After the settlement, U.S. government data showed hedge funds cut net-long positions in corn and soybeans. On Friday morning, export-sale figures in the week ended Jan. 14 showed soybean shipments more than doubled from a week earlier, and grains climbed.
Corn futures for March delivery tumbled 4.5% to close at $5.005 a bushel on the Chicago Board of Trade, the biggest drop for a most-active contact since Aug. 12, 2019. Earlier, the price fell by the exchange limit of 25 cents. This week, the grain slumped 5.8%, the most in 10 months.
Soybean futures for March delivery declined 4.3% to $13.1175 a bushel, the largest decline since Aug. 10, 2018. This week, the oilseed plunged 7.4%, the most since July 2014.
Soybean production in Brazil, in the world’s biggest grower, may be 132.4 million tons, said Andre Pessoa, president of Agroconsult. While the forecast eased from November, the projection still marked a record high. Average yields have climbed, and recent conditions have been favorable.
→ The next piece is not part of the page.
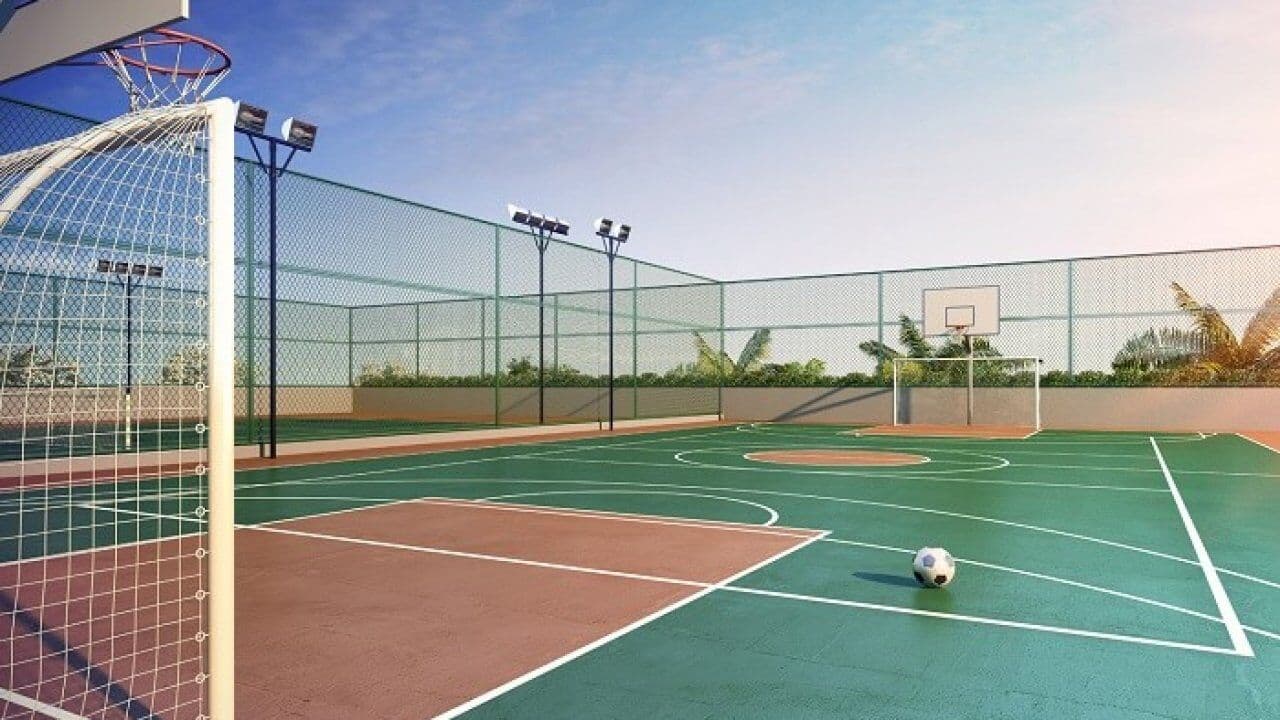 Começam nesta terça-feira as inscrições para o Bolsa Esporte na Paraíba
Wheat futures for March delivery fell 4% to $6.345 a bushel, the biggest drop since Aug. 12, 2019. This week, the price dropped 6.1%, the most since August.
Oat futures tumbled by the exchange limit of 20 cents a bushel to the lowest this year before paring losses. Soybean meal dropped 3.8%, and soybean oil fell 2.7%.
In New York, raw sugar, arabica coffee, cotton and cocoa dropped.